De façon intéressante, le programme de recherche qui conduit à ces étonnants résultats a
été financé dès son origine non seulement par des institutions publiques mais aussi par des
donateurs privés engagés dans le soutien de programmes de recherche à haut risque. Ceci
souligne une fois de plus le rôle déterminant de la philanthropie dans le soutien de
programmes scientifiques audacieux (4-6).
Références :
(1) A. V. Nordor, D. Nehar-Belaid, S. Richon, D. Klatzmann, D. Bellet, V. Dangles-Marie, T.
Fournier & M. J. Aryee « The early pregnancy placenta foreshadows DNA methylation
alterations of solid tumors. » Epigenetics, 2017.

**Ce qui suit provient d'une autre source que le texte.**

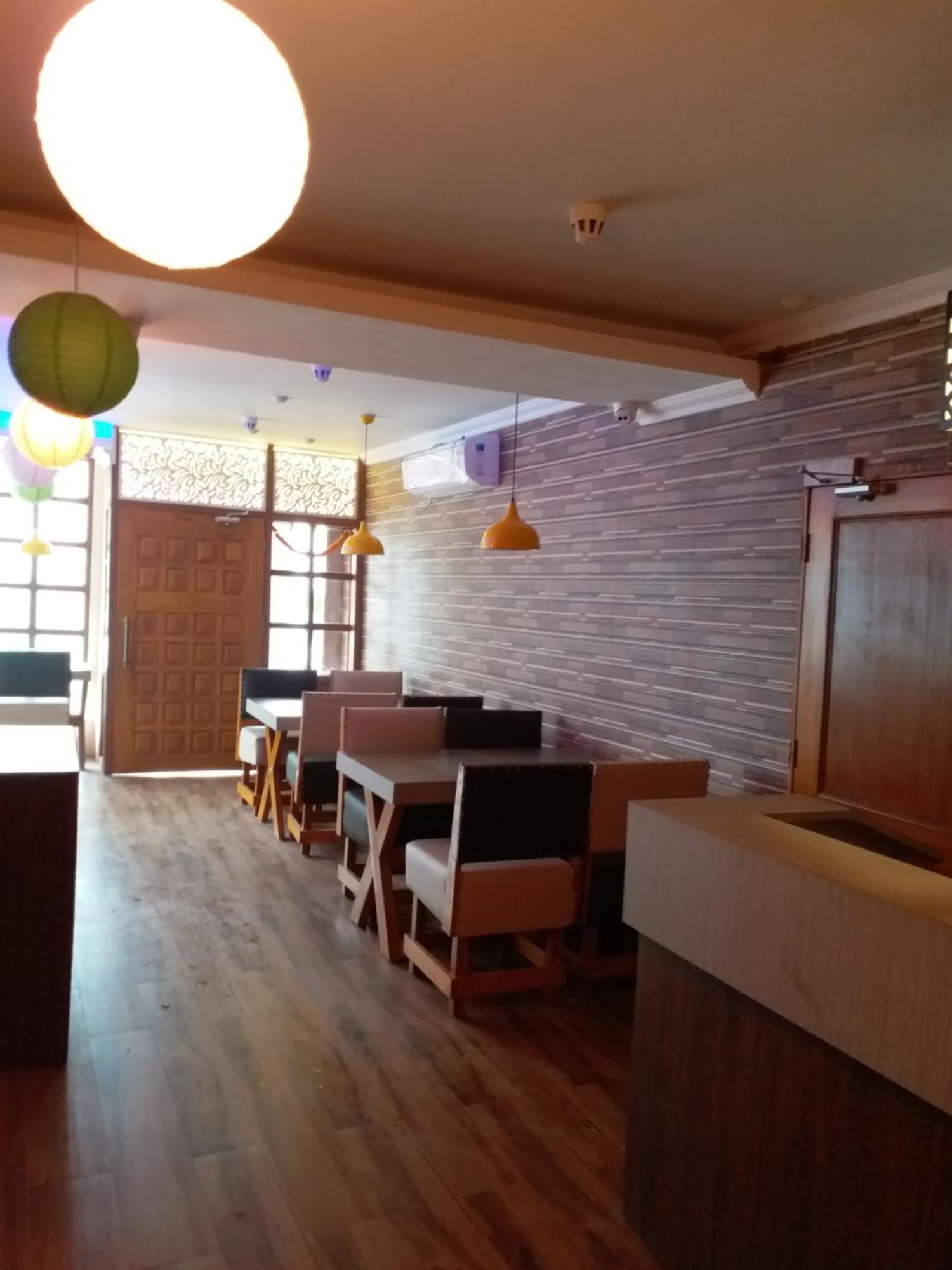 Hotel Mahalaxmi Indo Myanmar Guwahati Esterno foto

(2) Couzin-Frankel J. « Breakthrough of the year 2013. Cancer immunotherapy. » Science,
2013.
(3) H. Dong et al. « B7-H1, a third member of the B7 family, co-stimulates T-cell proliferation
and interleukin-10 secretion. » Nature Medicine, 1999.
(4) C. Leaf « Why We're Losing the War on Cancer—and How to Win It. » Fortune, 9 mars
2004.
(5) G. Colata. « Grant System Leads Cancer Researchers to Play It Safe. » The New York
Times, 28 juin 2009.
(6) A. Maxmen. « Taking risk to transform science. » Cell, 2009.